Été précoce - Image une test Blu-ray

Coffret Blu-ray – Ozu en 20 films : Été précoce (1951)

Été précoce apparaît au sein du troisième Blu-ray sur les 11 que comporte le coffret Ozu édité par Carlotta. Il a bénéficié d’une nouvelle restauration 4K en 2016 effectuée par le laboratoire Imagica de Tokyo en 2016. On le sait, les pays asiatiques ne se sont mis que très récemment à développer des politiques de conservation de leurs films de patrimoine. Et le Japon n’a jamais été le poisson pilote de la région en la matière.
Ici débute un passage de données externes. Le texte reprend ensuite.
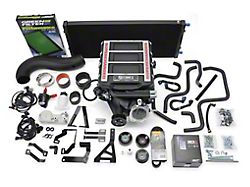 Edelbrock E-Force Stage 1 Street Supercharger Kit with Tuner (14-18 5.3L Silverado 1500)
Mais depuis une bonne dizaine d’années, les choses changent et aujourd’hui la possibilité de découvrir ainsi ce deuxième film dit « de la maturité » de Yasujirō Ozu ne peut qu’enchanter les sens et tous les amoureux de son cinéma. En guise de « complément de programme », l’éditeur a inséré Une femme de Tokyo, un film muet de 1933 déjà présent au sein du coffret DVD Vol 1 datant de 2006. On y retrouve aussi deux suppléments découverts sur le Vol 2 cette fois-ci paru en 2007 à savoir un retour sur les lieux du tournage issu de la série produite au japon « Voyage dans le cinéma » et « Figures : Linges, fumées et poteaux électriques » qui est un montage des fameux plans fixes utilisés par Ozu en guise de transition d’une scène à l’autre. Comme le dit notre ami Francis ci-dessous, on cherche encore l’utilité d’un tel bonus. – SG

Été précoce - Affiche

Écrit et découpé d’une manière précise, pointilliste, par Kogo Noda et Ozu, Été précoce est le second volet de la « trilogie Noriko » dans la filmographie de Ozu avec Setsuko Hara en vedette reprenant un personnage sociologiquement et psychologiquement proche de Printemps tardif, le premier volet de 1949, mais il y ajoute un thème secondaire plus angoissant : la lente et inexorable dissolution d’une famille, au début réunie, progressivement séparée par les divers aléas de la vie. Ozu avait déclaré à propos de ce titre : « Davantage que l’histoire, j’ai voulu peindre les métamorphoses et les métempsychoses de l’éphémère ». Le montage traduit constamment cette volonté : brusquement, une scène se conclut ou s’ouvre par un enchaînement surprenant ou inhabituel, rompant la psychologie de la scène, n’introduisant pas à la scène suivante mais constituant une rupture, un tout à lui seul, même de quelques secondes. Plans de pièces vides, d’arbres, d’objets. Dans Été précoce Le rappel de la Seconde guerre mondiale est récurrent : on parle d’un parent disparu, probablement mort en opérations. Une certaine angoisse de mort flotte sur l’ensemble en dépit de quelques scènes de comédie (au salon de thé, la constitution du clan des vierges contre le clan des mariées, les mini-révoltes des enfants contre les adultes). Les plans symboliques les plus stupéfiants, bien que volontairement imbriqués dans la nécessité réaliste la plus apparente, sont ceux de l’après-midi au pied d’une statue de Bouddha. Casting admirable où Chishu Ryu ne tient pas encore le rôle d’un vieillard mais celui d’un homme mûr un peu bête et coléreux : une curiosité qui permet de mesurer les transformations physiques et psychologiques que lui fit subir Ozu. Concernant le style, un peu d’esthétisme (le ballon s’élevant dans les airs : figure de style convenue du cinéma japonais qu’on retrouve par exemple en 1975 dans un tout autre genre (le film noir policier violent) et chez un cinéaste aussi original et novateur que Kinji Fukasaku) mais aussi d’admirables plans fixes (comme toujours chez Ozu) et de brefs mais remarquables travellings sans oublier un sublime mouvement de grue (promenade finale dans les dunes au bord de la mer) qui annonce tout à fait ce que feront, dix ans plus tard, plus franchement et amplement, des cinéastes tels que Hiroshi Teshigahara ou Masaki Kobayashi.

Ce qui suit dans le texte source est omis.